Stanford biology student Theo Roth spent the past few summers developing an experiment for observing the brain's cellular response to a concussion. The never-before-seen action could one day lead to therapies that mitigate brain damage following mild traumatic brain injuries.

The lifelong fallout of a concussive brain injury is well-documented. A blow to the head - whether it comes from an NFL tackle, a battlefield explosion or a fall off a ladder - can cause brain damage responsible for a debilitating degree of memory loss, mood swings, seizures and more.

And though the blunt instrument that inflicts such damage is typically known, the cellular mechanisms that inflict such trouble have so far remained a mystery.
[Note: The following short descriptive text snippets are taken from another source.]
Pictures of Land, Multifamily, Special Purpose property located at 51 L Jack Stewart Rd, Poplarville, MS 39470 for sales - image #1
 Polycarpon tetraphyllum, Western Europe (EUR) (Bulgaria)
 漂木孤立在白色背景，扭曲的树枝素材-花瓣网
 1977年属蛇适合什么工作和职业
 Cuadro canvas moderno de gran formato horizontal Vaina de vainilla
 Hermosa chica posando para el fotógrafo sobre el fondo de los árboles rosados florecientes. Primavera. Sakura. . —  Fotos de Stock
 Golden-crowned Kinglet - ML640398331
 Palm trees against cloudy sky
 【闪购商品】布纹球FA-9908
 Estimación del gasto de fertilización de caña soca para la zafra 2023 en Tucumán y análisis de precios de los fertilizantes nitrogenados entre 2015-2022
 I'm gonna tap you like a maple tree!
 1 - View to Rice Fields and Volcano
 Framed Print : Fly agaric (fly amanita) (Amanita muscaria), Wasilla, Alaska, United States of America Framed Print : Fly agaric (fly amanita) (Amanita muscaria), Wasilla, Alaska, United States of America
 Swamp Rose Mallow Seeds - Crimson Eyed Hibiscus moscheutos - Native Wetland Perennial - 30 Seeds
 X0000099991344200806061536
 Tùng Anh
Now, a biology student at Stanford and researchers at the National Institutes of Health have devised a method for observing the immediate effects of a mild traumatic brain injury (TBI) in real time in mice. The work has revealed how individual cells respond to the injury and has helped the researchers suggest a possible therapeutic approach for limiting brain damage in humans.

The results were published online in Nature.

The bulk of direct research concerning the physiological effects of TBIs is conducted post mortem. Scientists dissect a deceased patient's tissue to learn the full extent of the injury and what types of brain cells were damaged or killed.

But very little is known about what happens at the cellular level in the first hours after an injury, which has hindered the development of therapies that could prevent such damage from occurring in the first place.

For the past several years, Theo Roth, a senior majoring in biology at Stanford, has spent his summers and other academic breaks working in Dorian McGavern's lab at the National Institute of Neurological Disorders and Stroke (NINDS), part of the National Institutes of Health. In that time, Roth and other members of McGavern's research group designed a model in which they could inflict a specific injury to a mouse's brain and use an intracranial microscope to image individual cells, starting at five minutes after the injury.

"We can actually see how all the cell populations there react dynamically," said Roth, the first author on the research paper. "Then, knowing what the cells do - how they change function and morphology - we could piece together what their roles are and how they interact, and then what types of interventions might be relevant."

Evidence in humans

The brain's first line of defense is called the meninges, a thin layer of tissue that wraps the brain and creates a nearly impermeable barrier to harmful molecules. At the direct site of the injury, however, Roth found that the meninges can become damaged, tearing blood vessels and causing hemorrhaging. As cells in the meninges and other nearby tissues die, their toxic innards - in particular, molecules called reactive oxygen species (ROS) - can leak through the meninges onto healthy brain cells.

The brain tries to plug the holes in the meninges, Roth said, by quickly mobilizing special cells called microglia toward the site of the injury, a reaction that had never been seen in living brains before this study. The patch isn't perfect, however, and some ROS and other potentially toxic molecules still leak through to the brain cells. Within nine to 12 hours after the initial injury, brain cells begin to die.

These observations were very similar to analysis of human MRI scans conducted by study co-author Lawrence Latour, a scientist from NINDS and the Center for Neuroscience and Regenerative Medicine.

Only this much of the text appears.